Every February, Bridgton plays host to the Four Square World Championships and its colorful cast of characters.

By Will Bleakley
Photographed by Mark Fleming

[C]hristian Housh stands at midcourt, wearing an absurdly tiny cape, orange-striped socks, knee pads adorned with the faces of tigers, and a headband with his nickname inscribed across the top: Tiger Claw. Around him a cast of nearly one hundred players, ranging from college kids with dyed mohawks to freckled eleven-year-olds with glasses, sixty-four year old twins, face-painted women, and active retirees, stretch and get ready to compete. Even if you include the Bridgton Academy basketball team looking on in total confusion, Housh is the most feared athlete on the court. That’s because this eclectic group has assembled on this cold Saturday in February in Bridgton to battle for the right to call themselves the world champions of four square.

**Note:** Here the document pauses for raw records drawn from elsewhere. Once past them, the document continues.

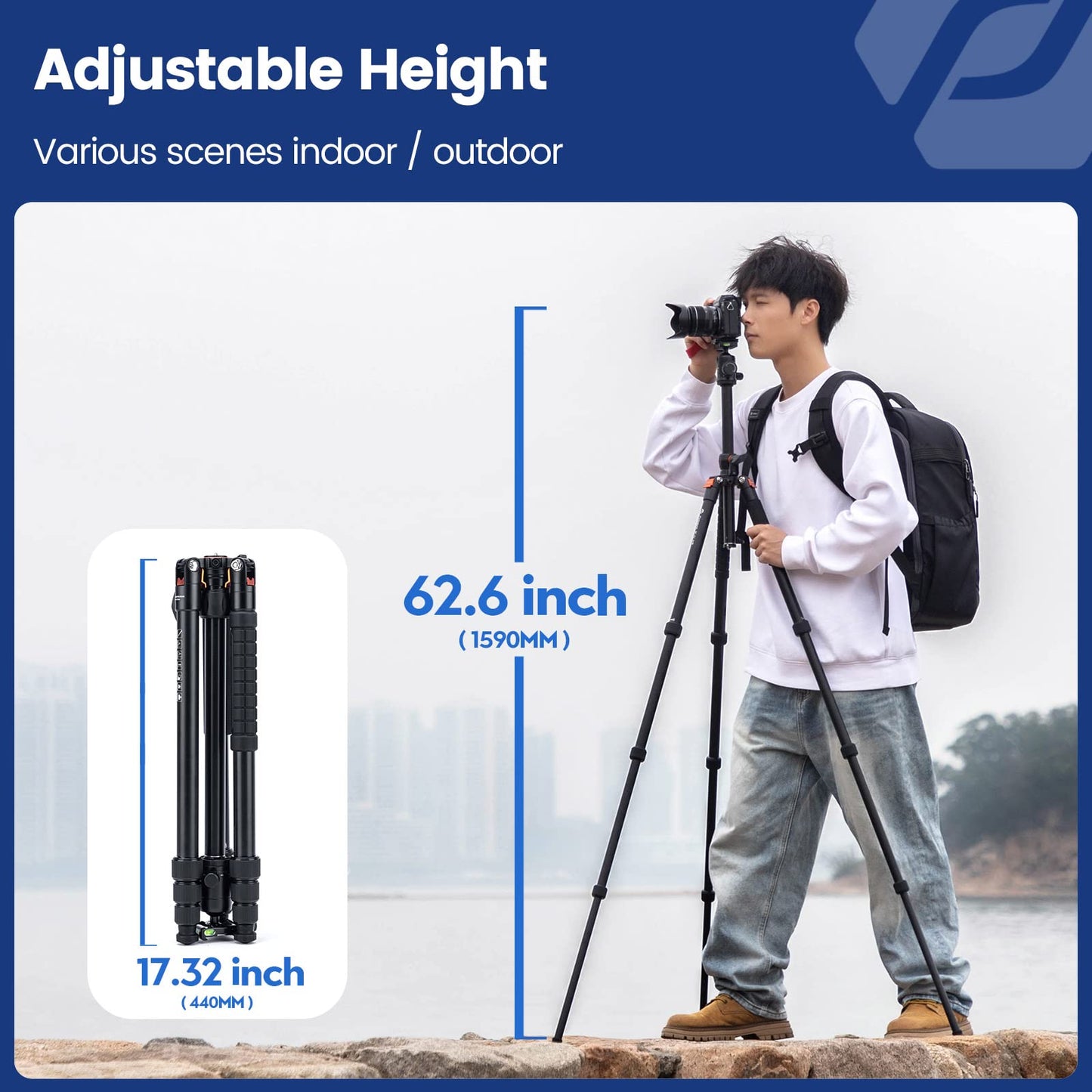 Fotopro 68'' Overhead Tripod for Flat Lay & Macro,Carbon Fiber Travel Tripod with 360 Degree Horizontal Column for Food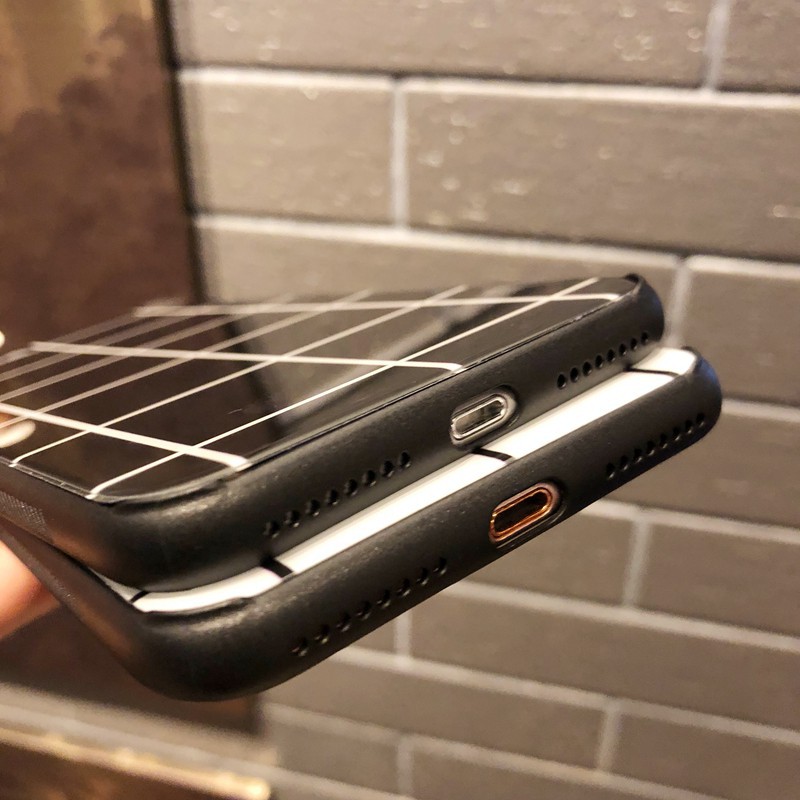 Ốp Iphone Lưng Kính hình Ô vuông dành cho ip 6 đến 14promax - k201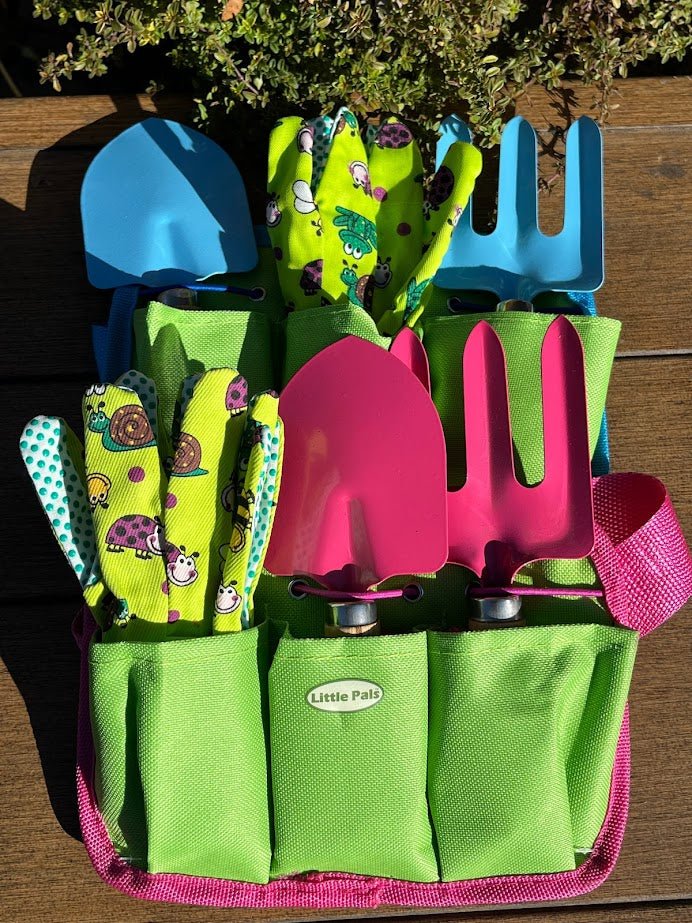 garden tool basket gift set Little Pals Pink Tool Pouch Kit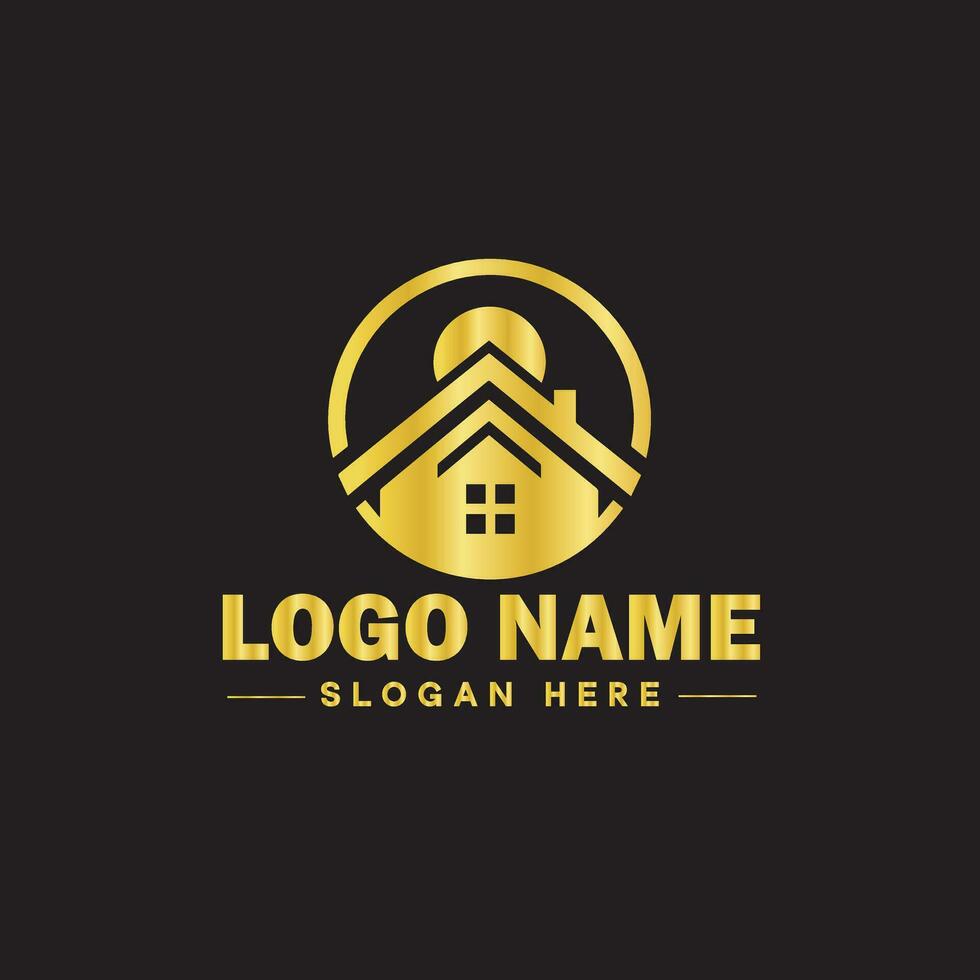 echt landgoed logo eigendom huis huis bouw gebouw logo icoon bewerkbare vector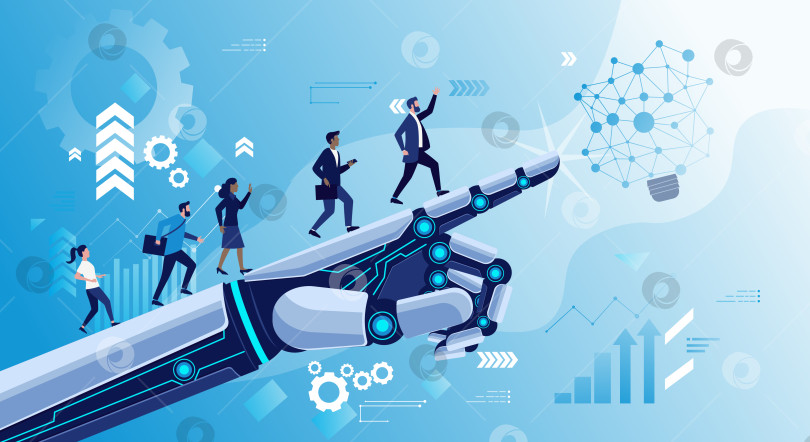 Скачать Роботизированная рука указывает на технические значки и людей фотосток Ozero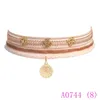 3 Stück rosa Spitze Kristall Blattgold Halskette Kette Schlüsselbein Halsband kurze Halskette Halsband Halskette A0744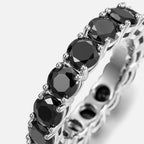 S925 Moissanite 5mm Black Eternity Ring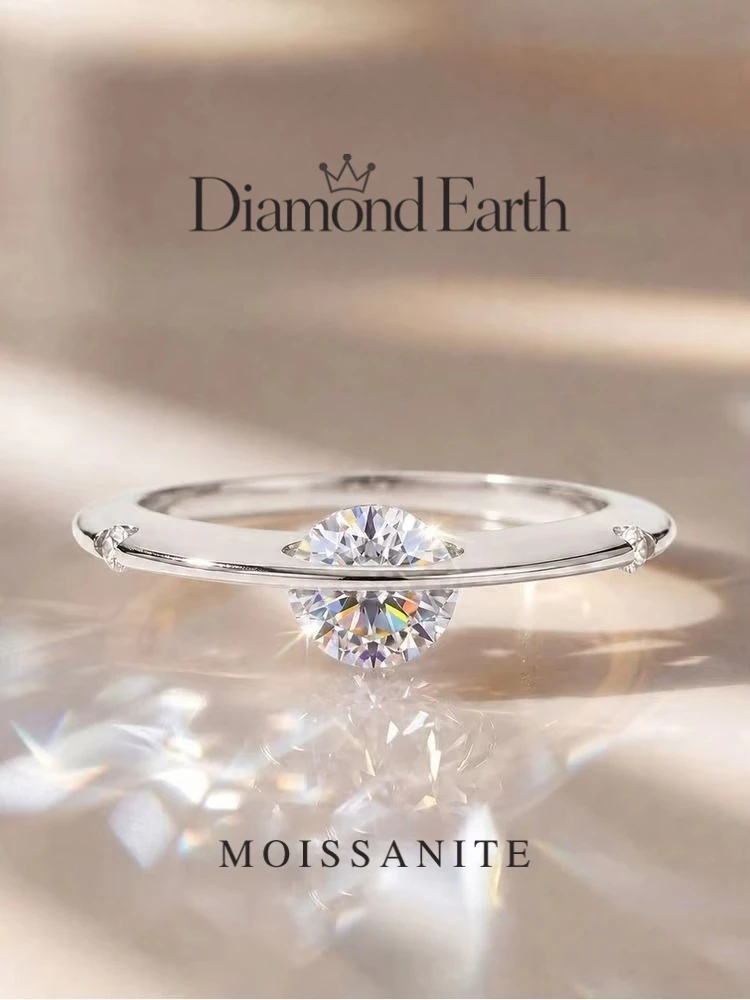 925 Sterling Silver Real 1CT Moissanite Diamond Planet Orbiting Engagement Ring for Women Personalization Gift Fine Jewelry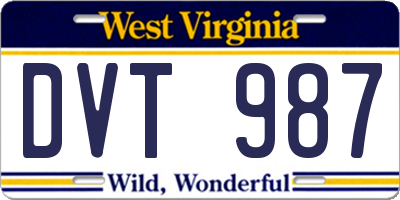 WV license plate DVT987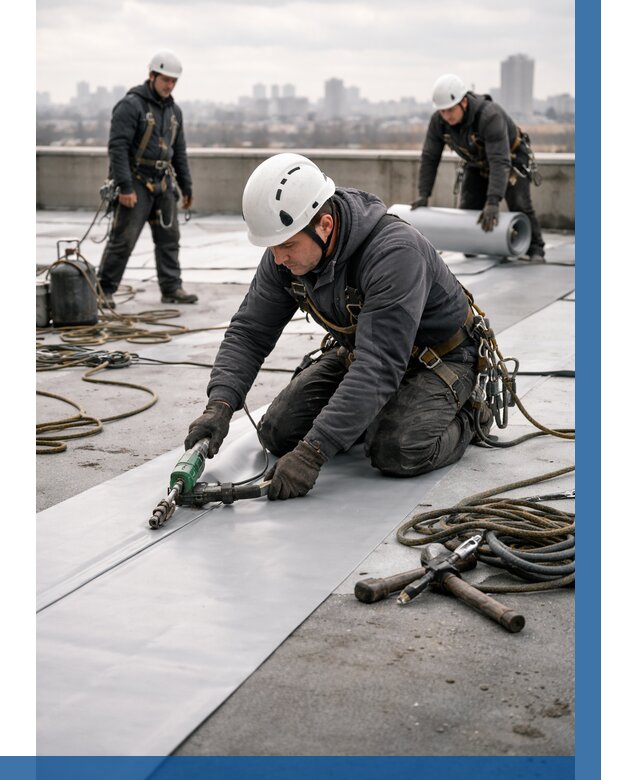 Ремонт мембранной кровли в Североуральске от 1854 р./м2 | ВЫСОТНИК-Сву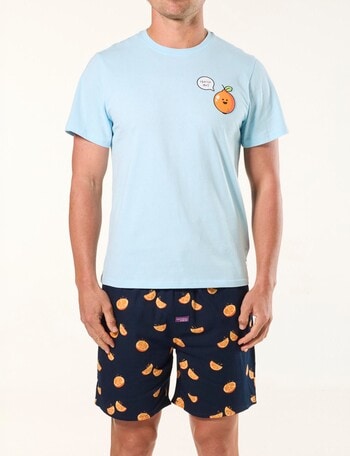 Mitch Dowd Short Pj Set, Oranges, Navy & Light Blue product photo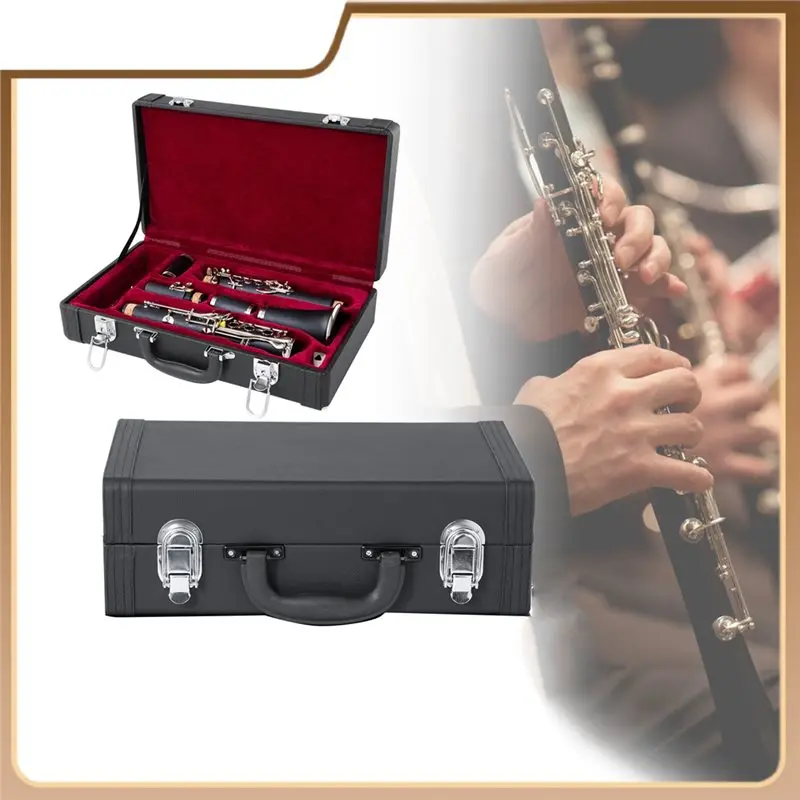A51Q-حافظة محمولة مقاومة للماء للكلارينيت-حمل يدوي صندوق صلب حقيبة التخزين ملحقات أدوات النفخ الخشبية #4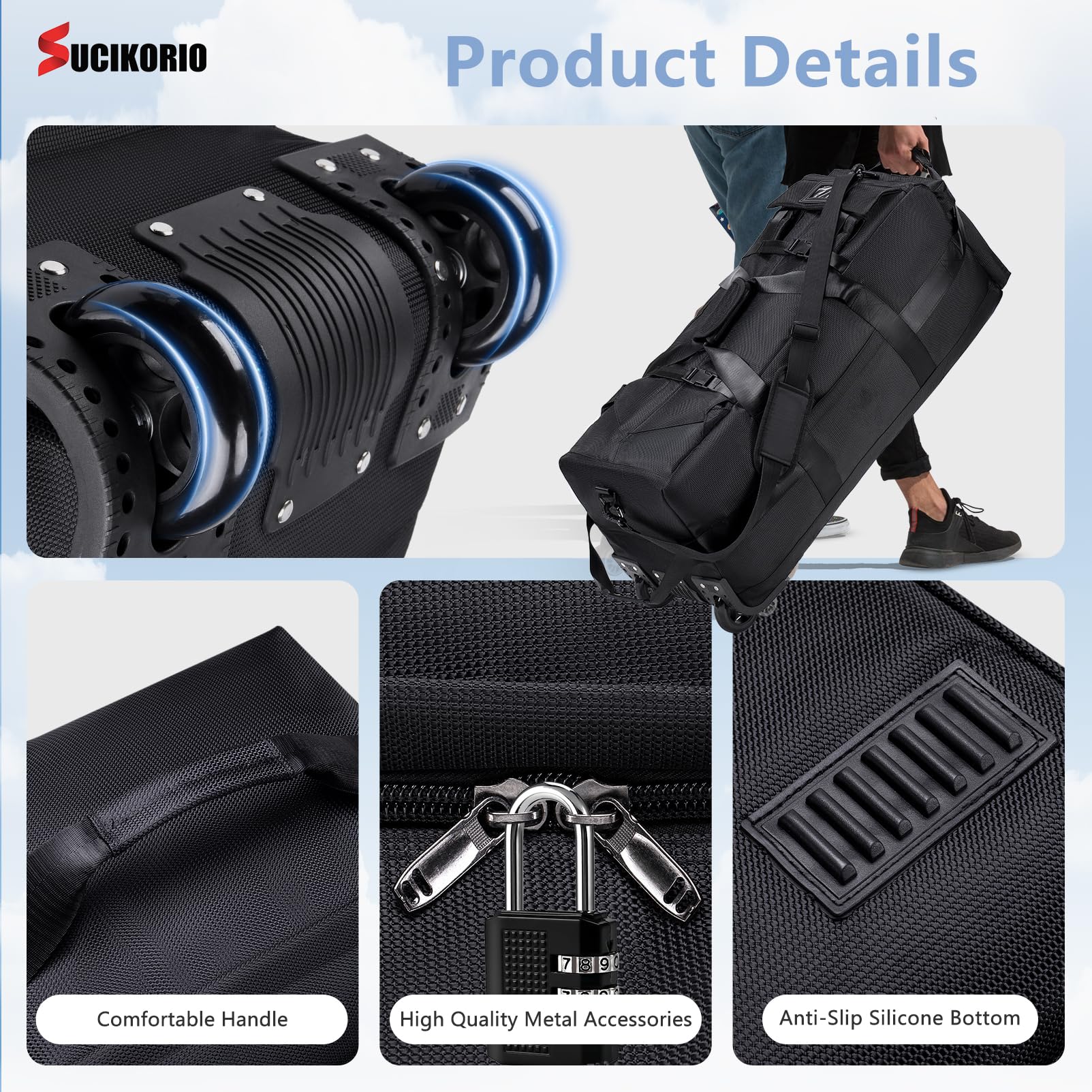 Torba Podróżna Na Kółkach Duża 85L 3 W 1 Torba Podręczna Z Zamkiem Szyfrowym 3-cyfrowym 78x33x32cm Wodoodporny Plecak Podróżny Oxford 2 Rolls Plecak Walizka Z Uchwytami Do Przenoszenia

Remember four square? It’s that classic game played on schoolyards during recess where a sixteen-by-sixteen-foot box is divided into four sections and players hit a kickball around with their hands to defend their square. It’s cute when kids play, pretty silly when adults try, and deadly serious when someone such as Tiger Claw throws himself across the court to reclaim his Men’s Division 1 championship trophy.

On February 23, Bridgton will host the ninth annual Four Square World Championship. There is no historical precedent for the event to be held in this western Maine town of just over five thousand people, no decades-old story about how the game helped rally its citizens through times of hardship. It exists because sixty-four-year-old resident Peter Lowell really loves this offbeat sport. “I carry a four square ball and a piece of chalk with me wherever I go,” he says, listing Guatemala and Costa Rica as two recent places he started an impromptu match. Lowell searched online hoping to find a world-wide tournament, came up empty-handed, and figured Bridgton was as good a place as any to start one.

“It’s this silly thing, but it’s special,” one of its organizers, Sean Effel, says of the event that’s lured competitors from California to Newfoundland. “People rally around this quirky sport, and it brings us together in odd ways. Most of us don’t see each other for a full year, but as soon we get back together here in Bridgton, it’s like family.”

From the bleachers, Dan Fishbein, who failed to make it past the first round, points proudly to his eleven-year-old son going toe-to-toe with Tiger Claw in the semifinals. Matthew looks young enough for the kids division, but he practices year-round with his dad in their Cape Elizabeth basement. “He found something he’s really good at,” Dan says. “For some kids, it’s basketball. For him, it’s four square.”

Matthew lost his battle with Tiger Claw (most do), but Housh’s devastating ball spin and willingness to sacrifice his body is not enough for him to take back the trophy. Housh rolls up his pants leg the next morning during the “Breakfast of Champions” at Ricky’s Diner to show everyone the bruising his knees took despite his tiger-protected pads. A new player, Mark Pryor from Virginia, claimed the top spot. “It’s kind of a dream come true,” he says, genuinely surprised at how much winning this tongue-in-cheek event meant to him. “My dad taught me four square at camp when I was little. I always wanted this to be an Olympic event, so when I heard there was a world championship, I had to come up here.” It’s not the London Olympics. But that’s okay. It’s Bridgton, Maine: Four Square Capital of the World, where anyone can wear a tiny cape and, for one night, compete as a kid again.